Des réserves de première nécessité, notamment des denrées alimentaires et des médicaments, sont progressivement constituées dans ces zones d’accueil afin de pouvoir intervenir rapidement en cas de catastrophe.
Presque tout le pays exposé
L’ampleur du risque apparaît particulièrement importante selon la Croix-Rouge kényane. Celle-ci estime que 46 des 47 comtés du pays pourraient connaître des précipitations supérieures aux normales au cours des prochains mois.

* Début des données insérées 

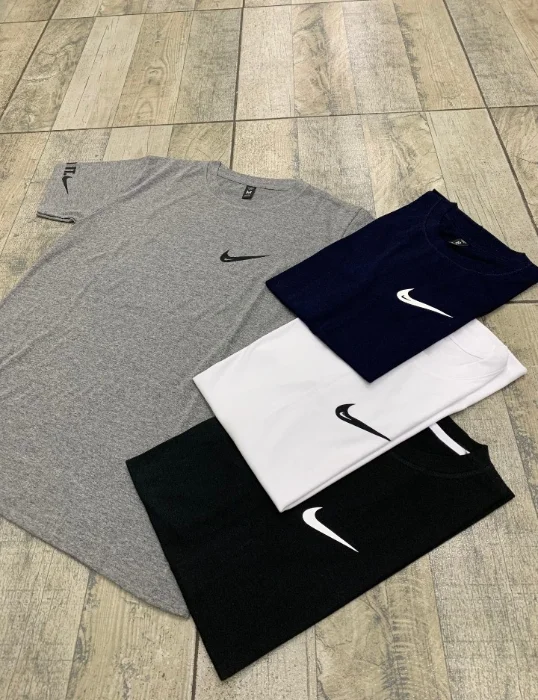 Remeras Nk Algodón Peindao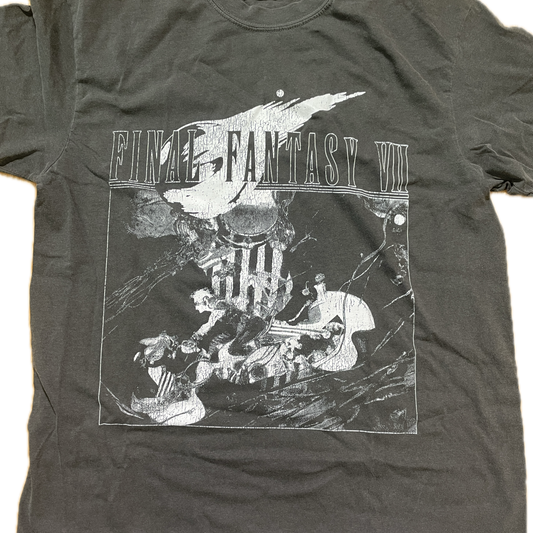 Final Fantasy 7 Shirt - Cloud Strife Motorcycle - Final Fantasy VII Shirt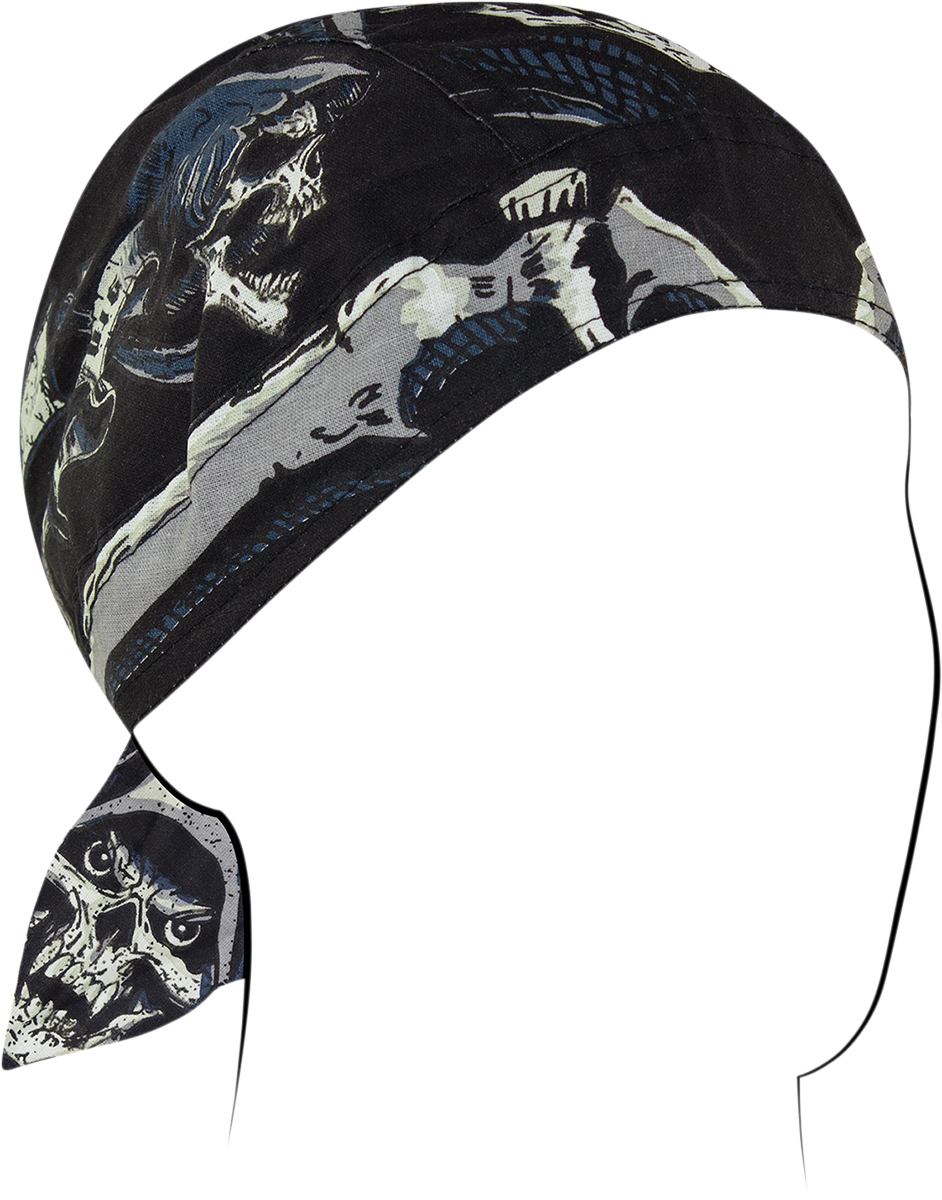 ZAN HEADGEAR Flydanna® Cotton Headwrap - Reaper Z710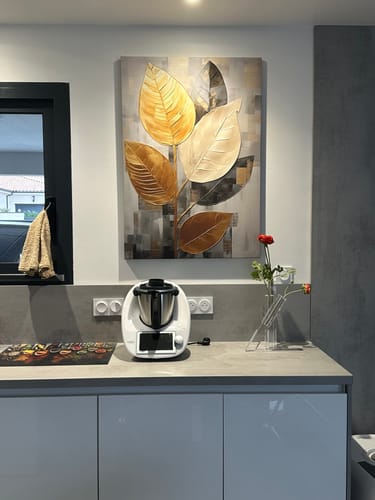 Customer photo review of Foglie dorate
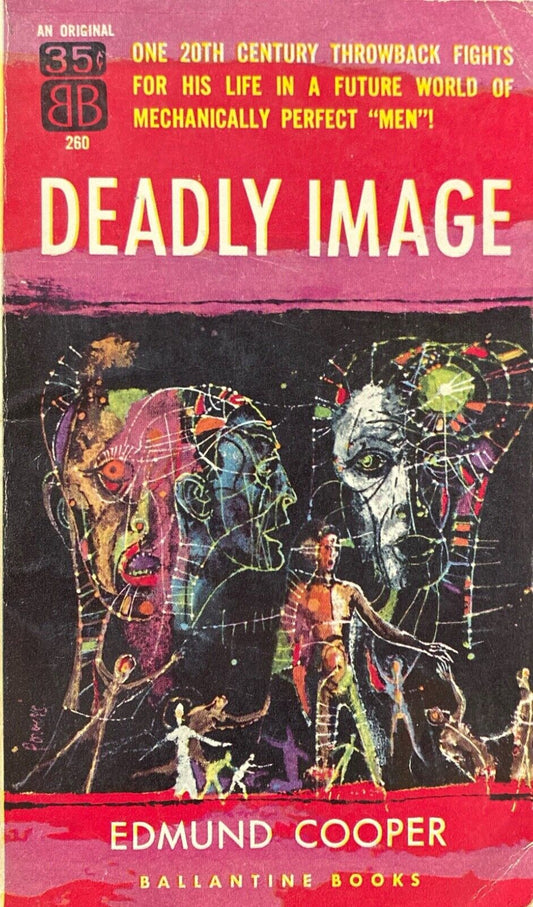 Deadly Image by Edmund Cooper 1958 Ballantine 260 Paperback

Les régions de l’Ouest, la vallée du Rift et les zones côtières figurent parmi les territoires qui pourraient être les plus fortement concernés par cette dégradation des conditions météorologiques.
Les autorités kényanes disposent d’un précédent particulièrement préoccupant. Le dernier épisode d’El Niño, qui s’était manifesté en 2023 et 2024, avait provoqué d’importantes inondations et de nombreux déplacements de population.
Selon les données de la Fédération internationale des sociétés de la Croix-Rouge et du Croissant-Rouge, ces intempéries avaient fait 490 morts au Kenya et contraint quelque 790.000 personnes à quitter leur lieu de résidence.
Face à ces précédents, Nairobi cherche donc à renforcer son dispositif en amont de la prochaine saison des pluies, avec l’objectif de réduire autant que possible les pertes humaines et les dégâts matériels.